*Work item*. Repeat the records in full. No pictures belong in the copy.

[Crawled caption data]

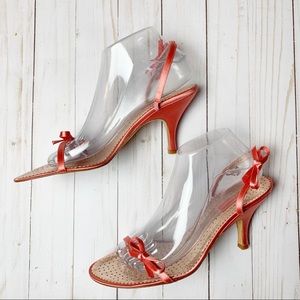 Delman apricot bow sandals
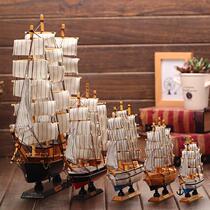 Vespic Number Large Sailing Model Wooden Boat Swing Piece One Sail Smooth Wood Simulation Craft Boat Decoration Gift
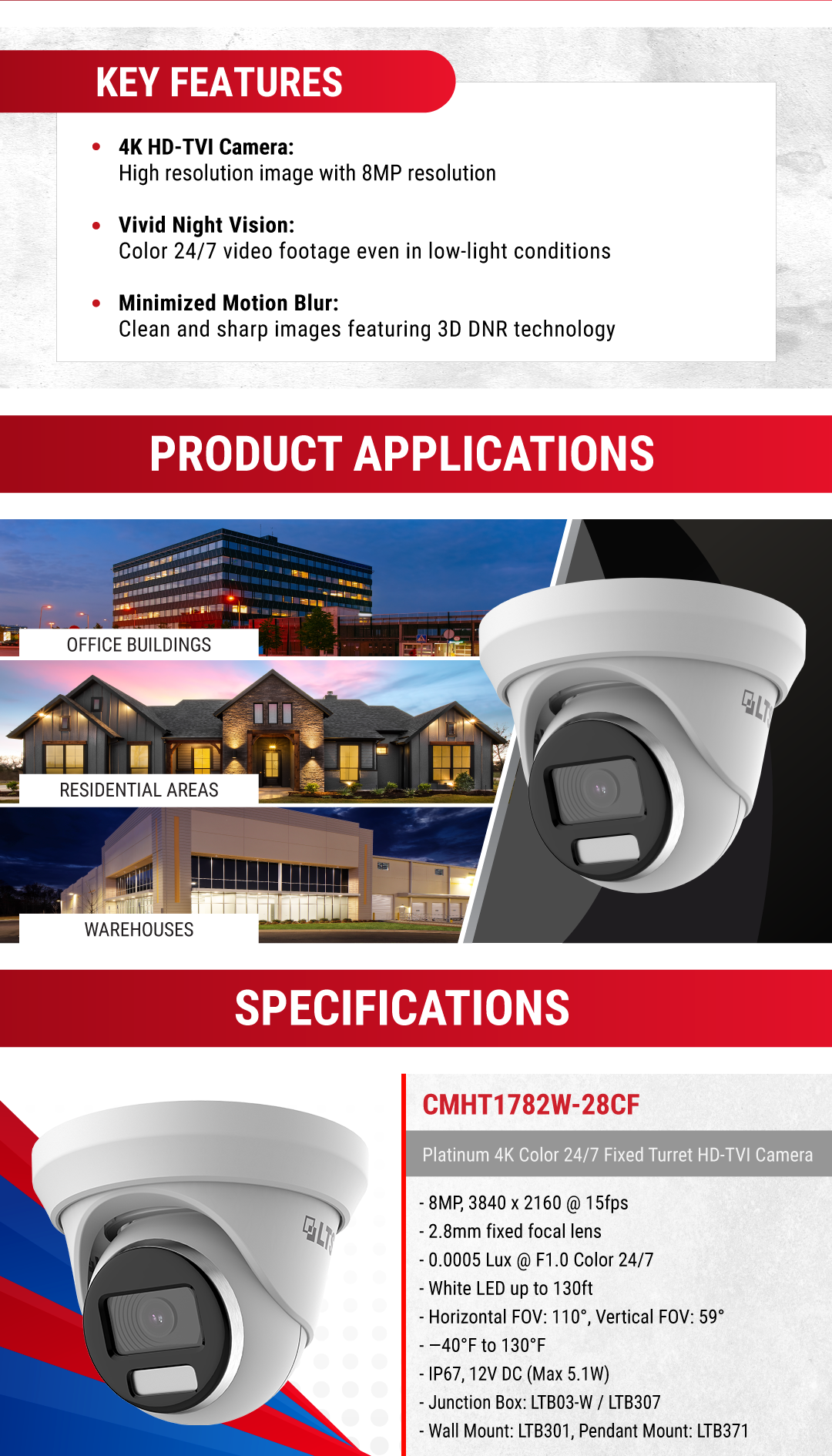 LTS Platinum CMHT1782W-28CF HD-TVI 8MP/4K 247 Full Color 2.8mm WDR 131ft LED Turret Camera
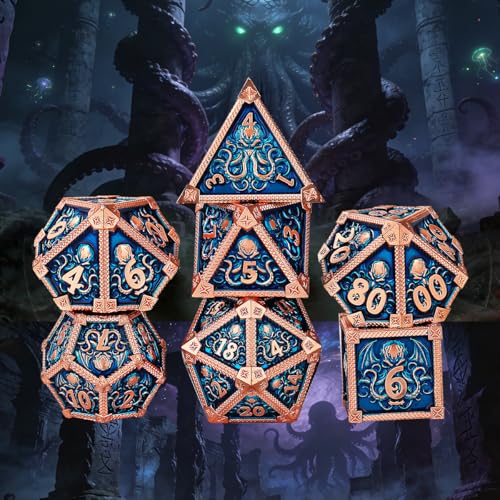 Metal Dice Set, Octopus Pattern, 7pcs Polyhedral Metal DND Dice Set, DND Starter Set, D&D Gifts with Gift Bag, Role Playing Board Games Accessories, Red Copper Border Blue - color: Blue With Gift Bag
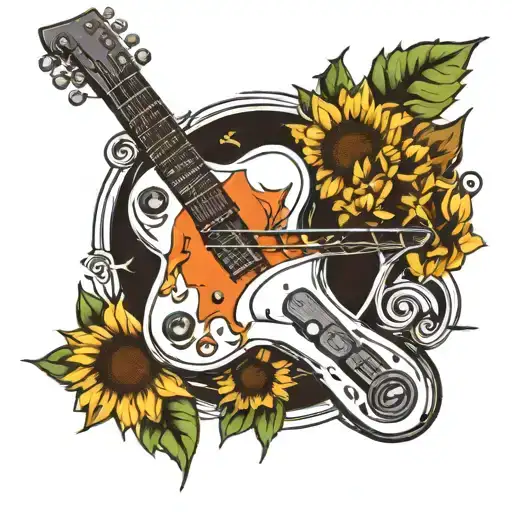 Electric Guitar And Sunflowers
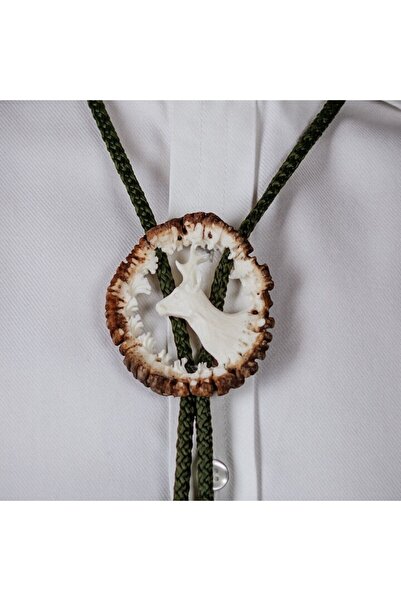 Handmade American Bolo Tie Sculpted in Carpathian Deer Horn Motif Roe Deer, White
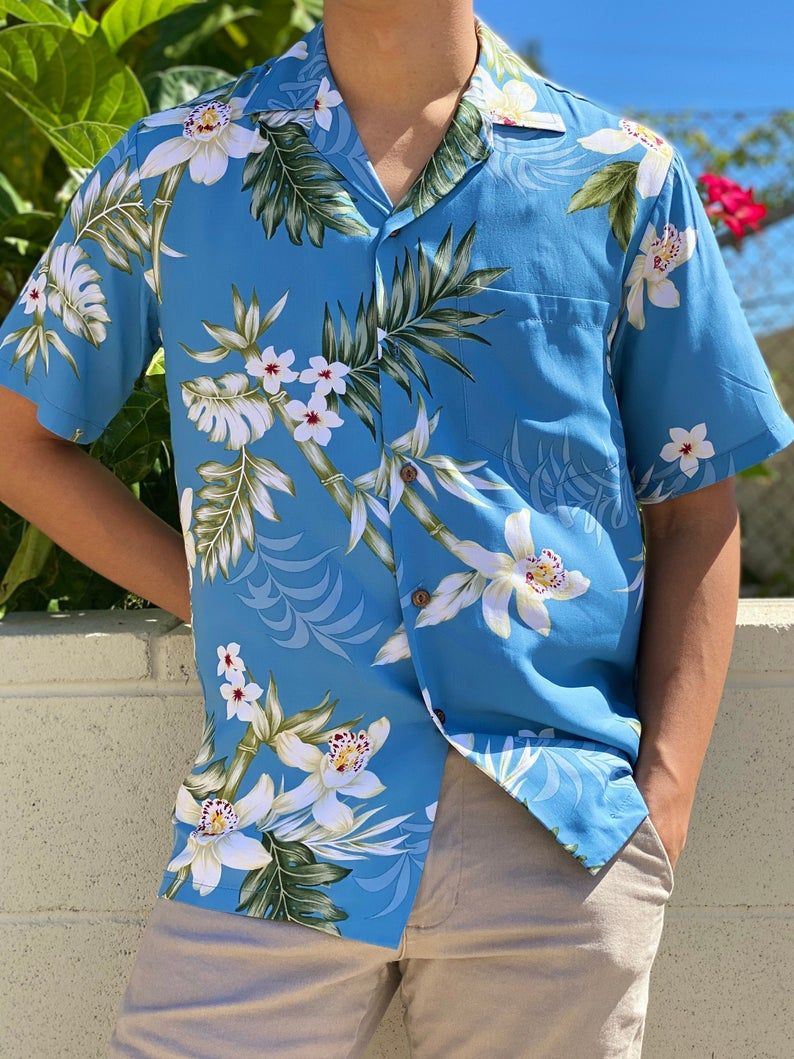 Rayon Bamboo Orchid Floral Hawaiian Aloha Blue Best Design Hawaiian Shirt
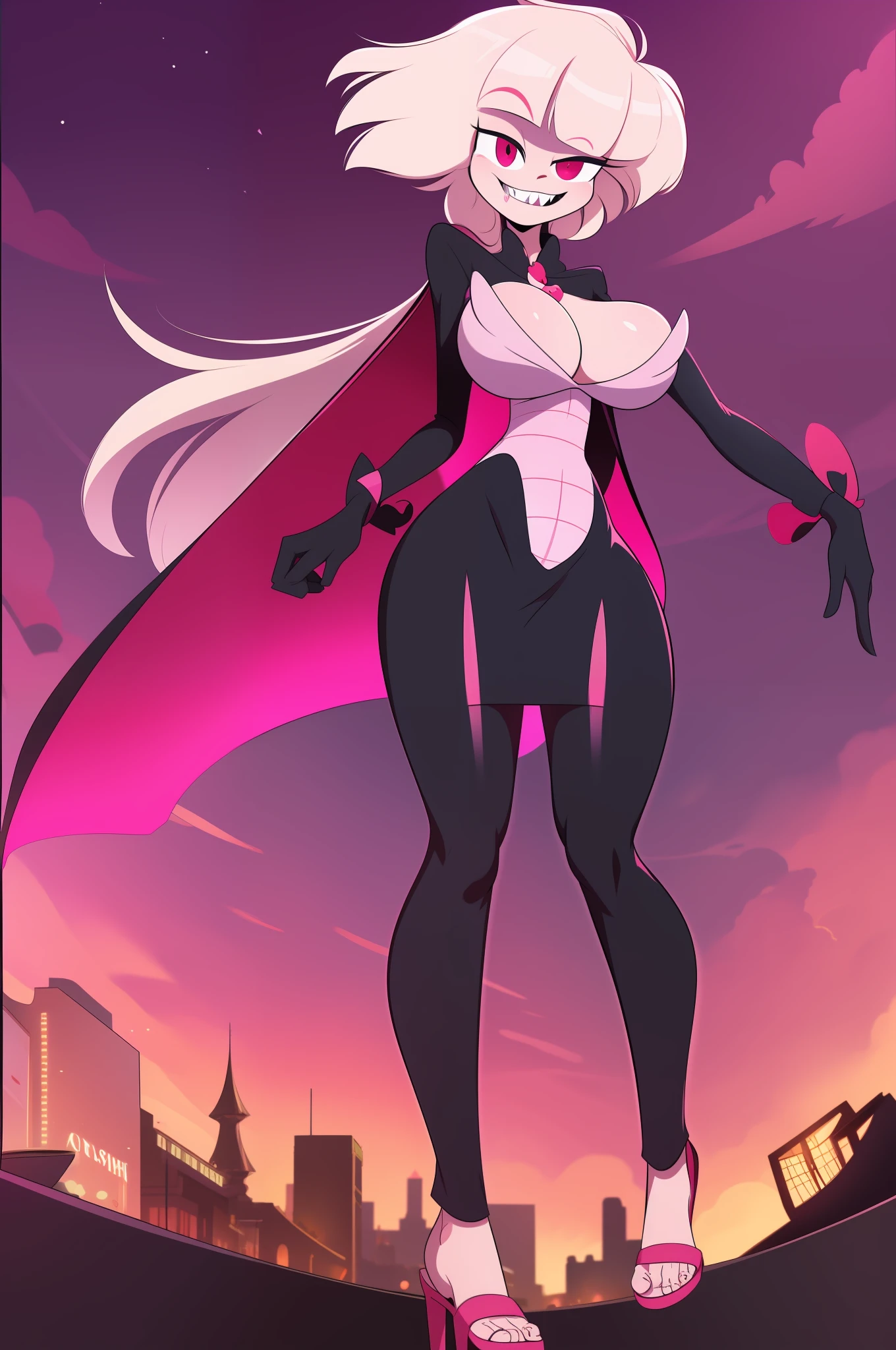 Angel Dust, hazbin hotel style, bimbo, big breast, alone, flip flops, walking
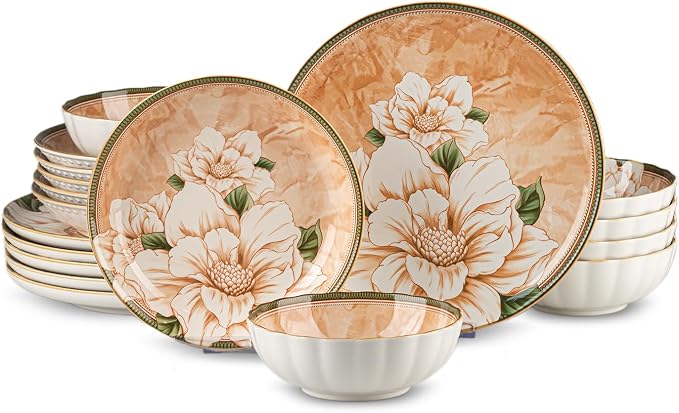 18 Pcs Service for 6 Ceramic Dinnerware Set, Elegant Camellia | Thanksgiving Dinner, Vintage Table Deco, Stackable Porcelain Plates and bowls, Microwave & Dishwasher Safe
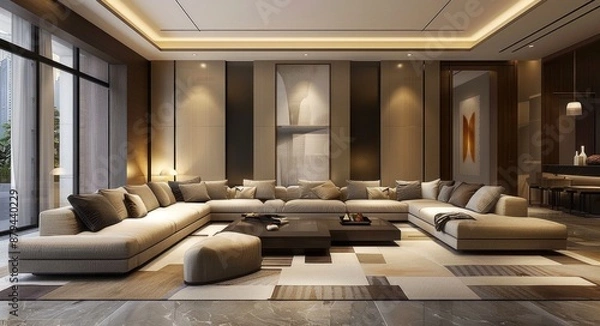 Fototapeta Modern Living Room Interior Design with Chic Contemporary Decor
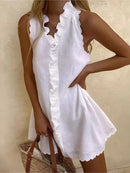the WHITE SUMMER - Elegant Beach Party Boho Casual Cotton Linen White Summer V-Neck Ruffles Sleeveless Mini Dress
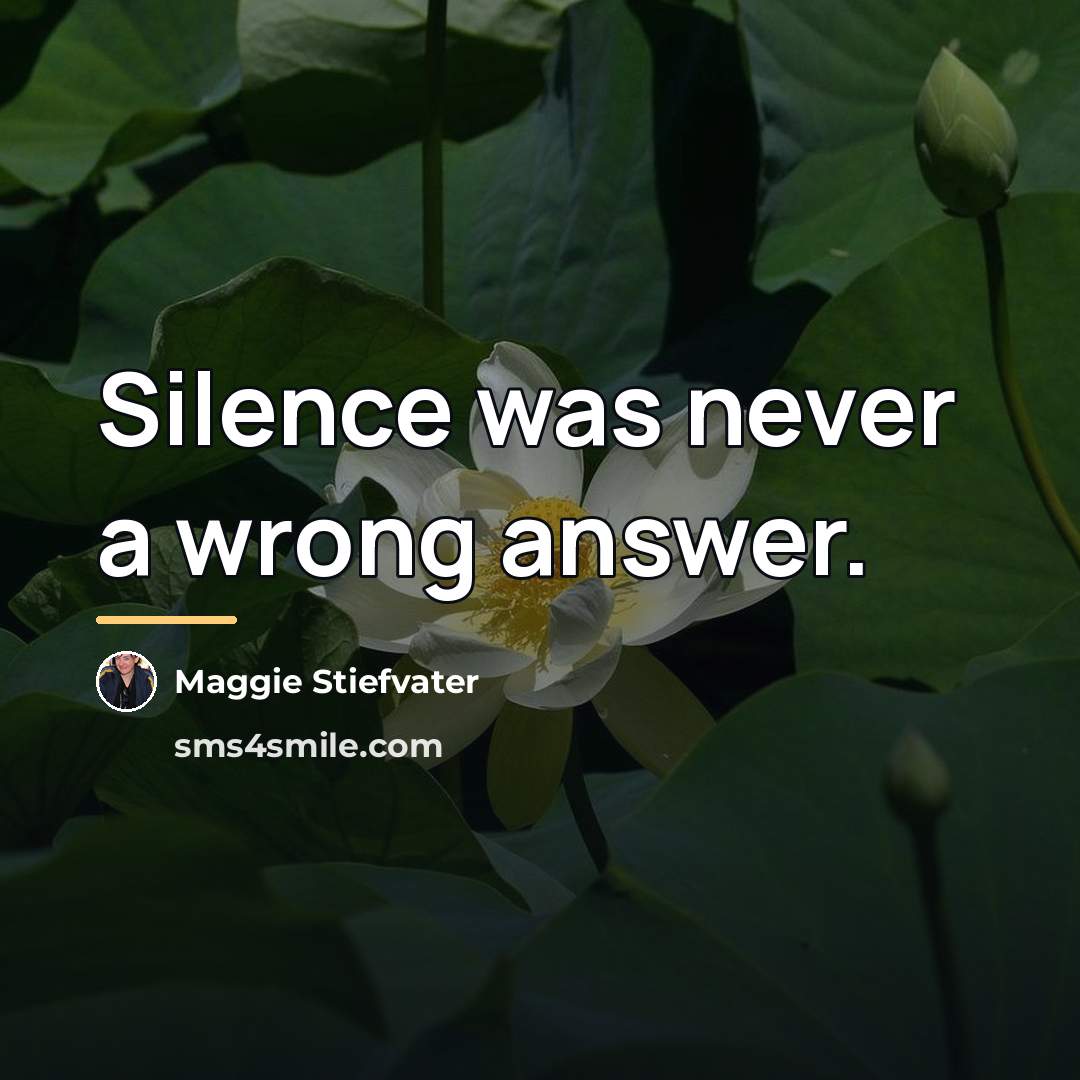 “Silence was never a wrong answer.…” quote by Maggie Stiefvater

*Your response*.
 Delman apricot bow sandals
 Vespic Number Large Sailing Model Wooden Boat Swing Piece One Sail Smooth Wood Simulation Craft Boat Decoration Gift
 LTS Platinum CMHT1782W-28CF HD-TVI 8MP/4K 247 Full Color 2.8mm WDR 131ft LED Turret Camera
 Metal Dice Set, Octopus Pattern, 7pcs Polyhedral Metal DND Dice Set, DND Starter Set, D&D Gifts with Gift Bag, Role Playing Board Games Accessories, Red Copper Border Blue - color: Blue With Gift Bag
 Electric Guitar And Sunflowers
 Handmade American Bolo Tie Sculpted in Carpathian Deer Horn Motif Roe Deer, White
 Rayon Bamboo Orchid Floral Hawaiian Aloha Blue Best Design Hawaiian Shirt
 Angel Dust, hazbin hotel style, bimbo, big breast, alone, flip flops, walking
 18 Pcs Service for 6 Ceramic Dinnerware Set, Elegant Camellia | Thanksgiving Dinner, Vintage Table Deco, Stackable Porcelain Plates and bowls, Microwave & Dishwasher Safe
 Fototapeta Modern Living Room Interior Design with Chic Contemporary Decor
the WHITE SUMMER - Elegant Beach Party Boho Casual Cotton Linen White Summer V-Neck Ruffles Sleeveless Mini Dress
 “Silence was never a wrong answer.…” quote by Maggie Stiefvater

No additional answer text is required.